Ce magnifique tableau résume à lui-seul tout l'art de Ken Kurojiro : harmonie parfaite des couleurs, équilibre et rupture en symbiose, arrêt sur image agité par le discret mouvement de l'étoffe d'un rouge théâtral, lumière jaillissante et souterraine, pesanteur et légèreté... L'esprit s'abstrait, va au-delà du sensible pour atteindre le spirituel. 



© Ken Kurojiro, 2020, détail.

Textes en regard

Au commencement était le noir

"Au commencement Dieu créa le ciel et la terre. La terre était informe et vide : il y avait des ténèbres à la surface de l'abîme, et l'esprit de Dieu planait au-dessus des eaux. Dieu dit : "Que la lumière soit", et la lumière fut. Dieu vit que la lumière était bonne ; il la sépara des ténèbres." 

Genèse I, 1 - 5.

"L'homme a toujours eu peur du noir. Il n'est pas un animal nocturne, ne l'a jamais été, et même si au fil des siècles il a plus ou moins apprivoisé la nuit et l'obscurité, il est resté un être diurne, rassuré par la lumière, la clarté et les couleurs vives. Certes, dès l'Antiquité, les poètes, à l'image d'Orphée, ont chanté la nuit, "mères des dieux et des hommes, origine de toutes les choses crées", mais le commun des mortels en a longtemps eu peur. Peur de l'obscurité et de ses dangers; peur des êtres qui vivent et rôdent dans le noir ; peur des animaux dont le pelage ou le plumage est couleur des ténèbres ; peur de la nuit, source de cauchemars et de perdition. Point n'est besoin d'être un chercheur d'archétypes pour comprendre que ces peurs viennent de loin, de très loin, d'époques où l'homme n'avait pas encore maîtrisé le feu et avec lui, partiellement, la lumière."

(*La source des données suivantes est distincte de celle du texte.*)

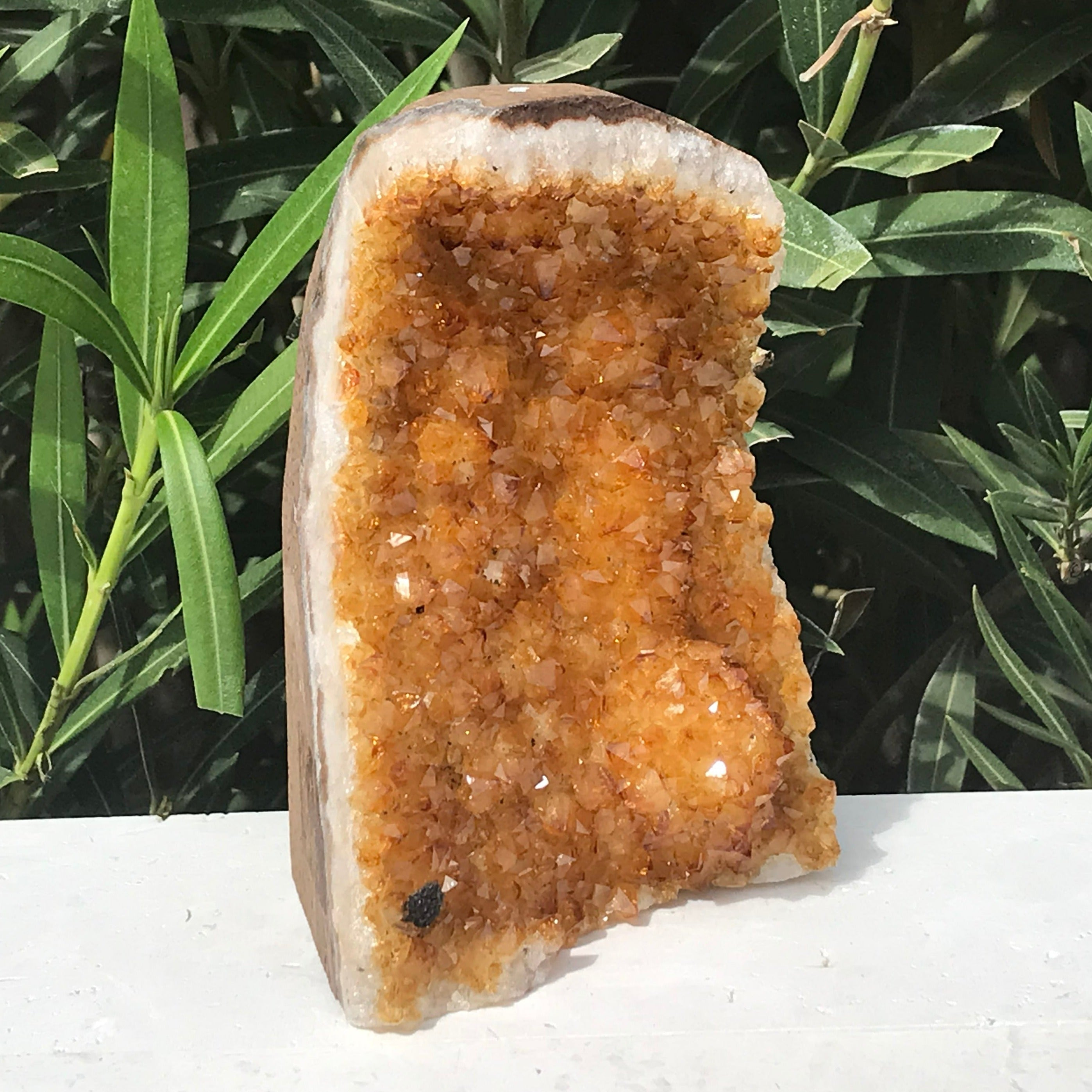 Glowing Citrine Crystal Cluster
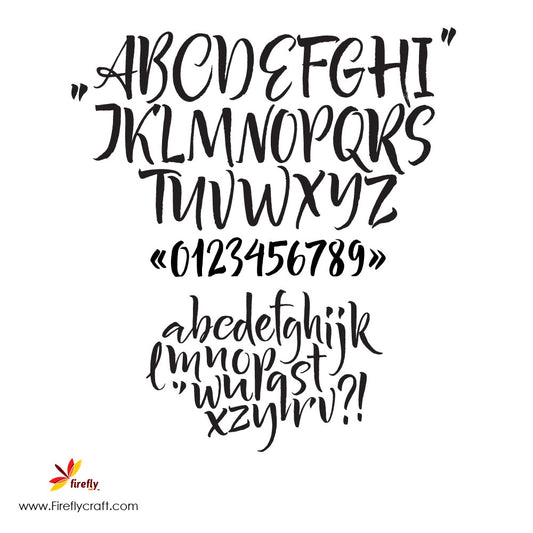Letters Calligraphy Cut Designs
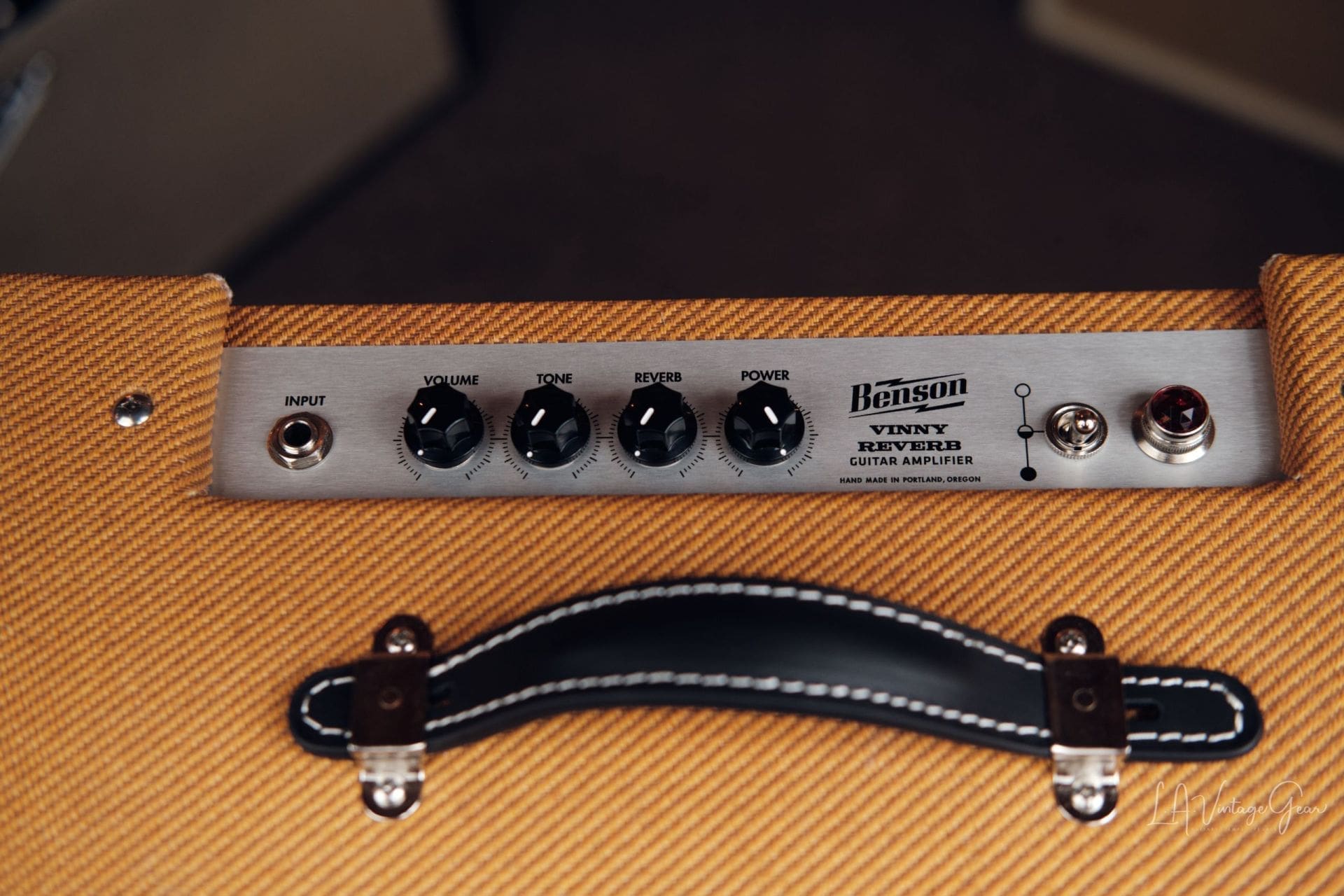 Benson Vinny Reverb 1x10 Combo 5 Watt Guitar Amplifier - Aged Tweed Tolex & Oxblood Grill! - Image 3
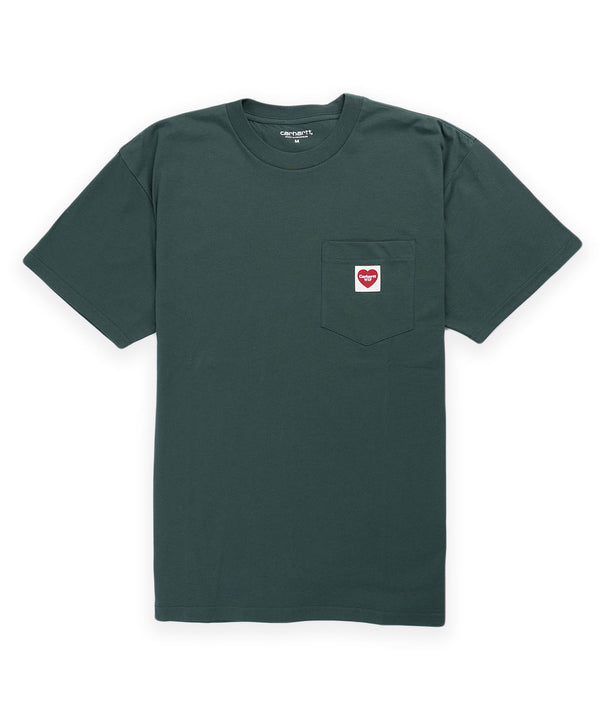 Carhartt WIP Pocket Heart T-Shirt - Discovery Green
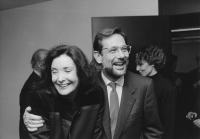 Nuria Espert y Javier Solana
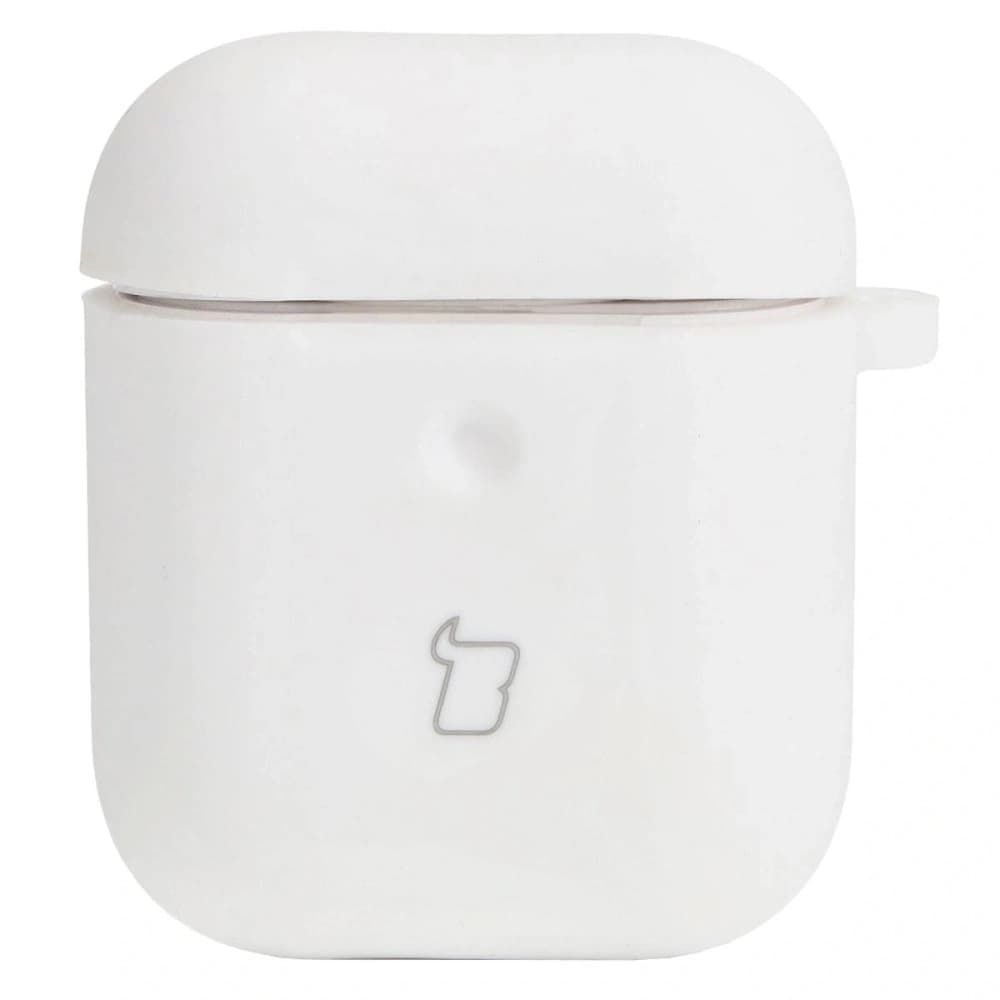Bizon Case Fejhallgató Szilikon AirPods 1/2 fehér - 2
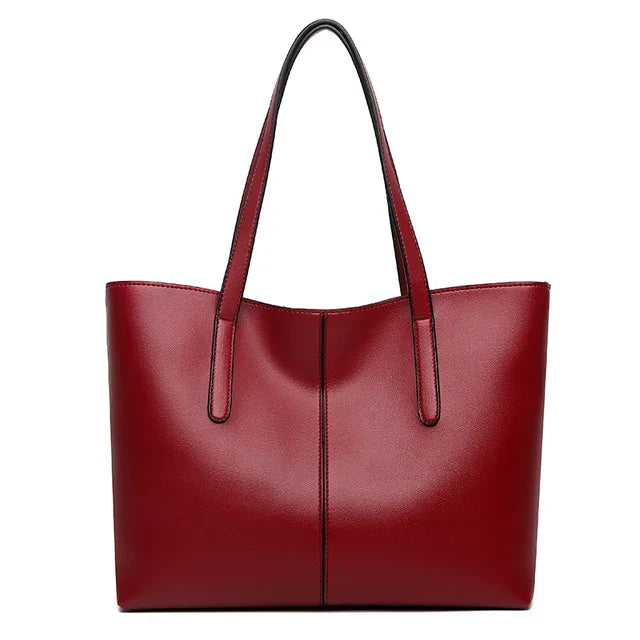 Structured Black Minimalist Shoulder Bag
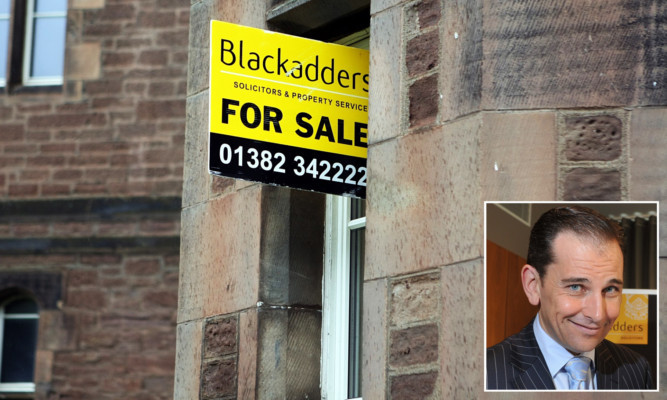 Head of property at estate agents Blackadders Lindsay Darroch (inset) is optimistic about the housing market.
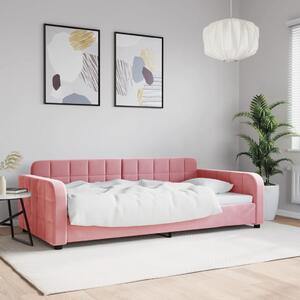 Dnevni krevet ružičasti 100 x 200 cm baršunasti - Ružičasti / 100 x 200 cm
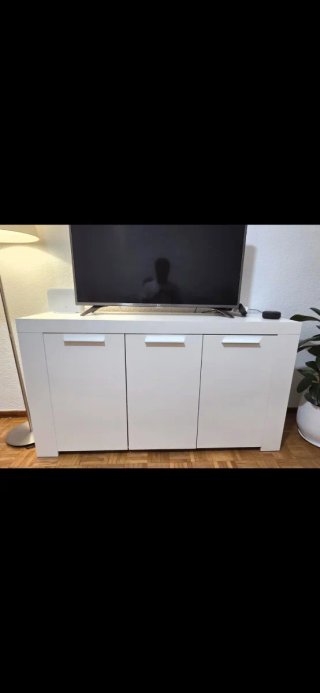 Mueble salón blanco Leroy Merlin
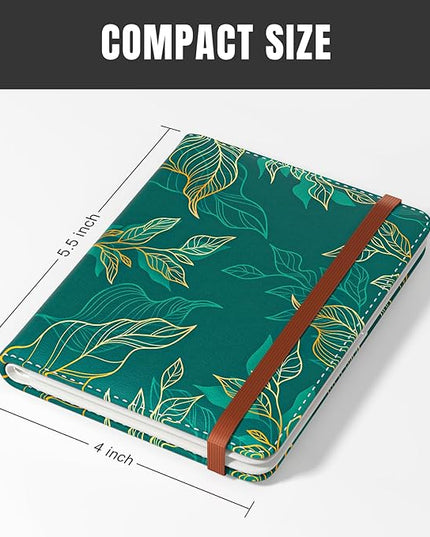 Rimilak Passport Holder, RFID Blocking Passport Cover Wallet Travel Essentials, Leather Travel Air Ticket Documents Organizer Protector for Women and Men, Gold Leaves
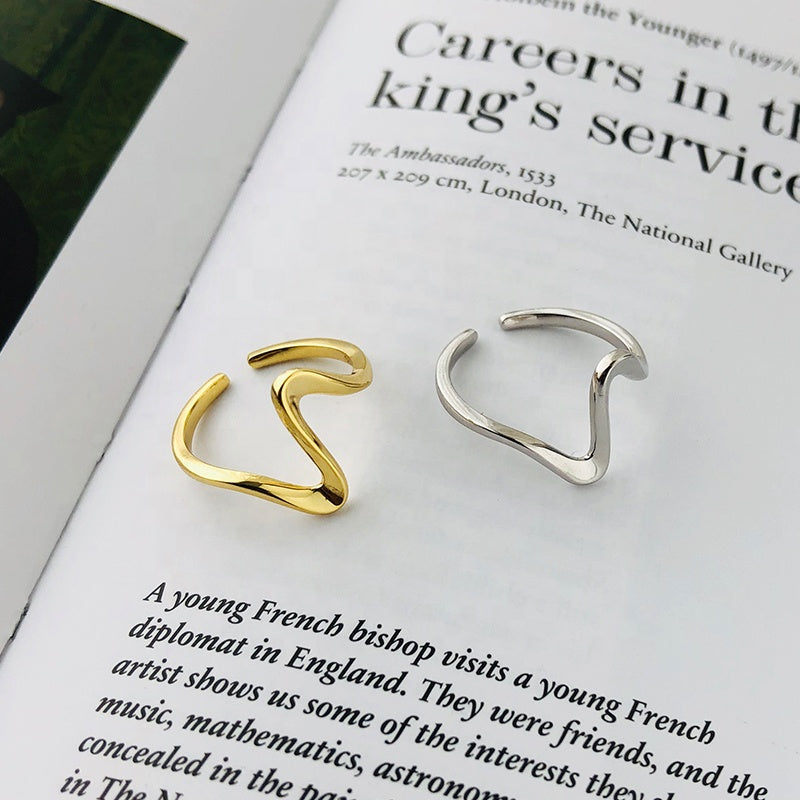 14K Gold Modern Design Adjustable Ring "Nerilla"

Michel Pastoureau, Noir, histoire d'une couleur, Points Histoire, 2008. 



© Ken Kurojiro, 2020, détail.



"Je crois que la couleur est avant tout une idée. Ce qui m'encourage dans cette voie, c'est que j'ai lu beaucoup de travaux sur les rapports que les non-voyants entretiennent avec elle. Or, il est attesté qu'un non-voyant de naissance possède à l'âge adulte la même culture des couleurs qu'un voyant. "

Entretien avec Michel Pastoureau, Le Point, débats, 30/12/2012. 




© Ken Kurojiro, 2020, détail.


Lumières et couleurs


"Voilà qui nous amène à parler des lumières et des couleurs. Il est manifeste que les couleurs sont modifiées par les lumières puisque aucune n'est identique d'aspect selon qu'elle est placée dans l'ombre ou sous les rayons des lumières. Car l'ombre rend une couleur obscure et la lumière la montre au contraire claire et ouverte. Les philosophes disent que l'on ne peut voir aucune chose qui ne soit revêtue de lumière et de couleur." 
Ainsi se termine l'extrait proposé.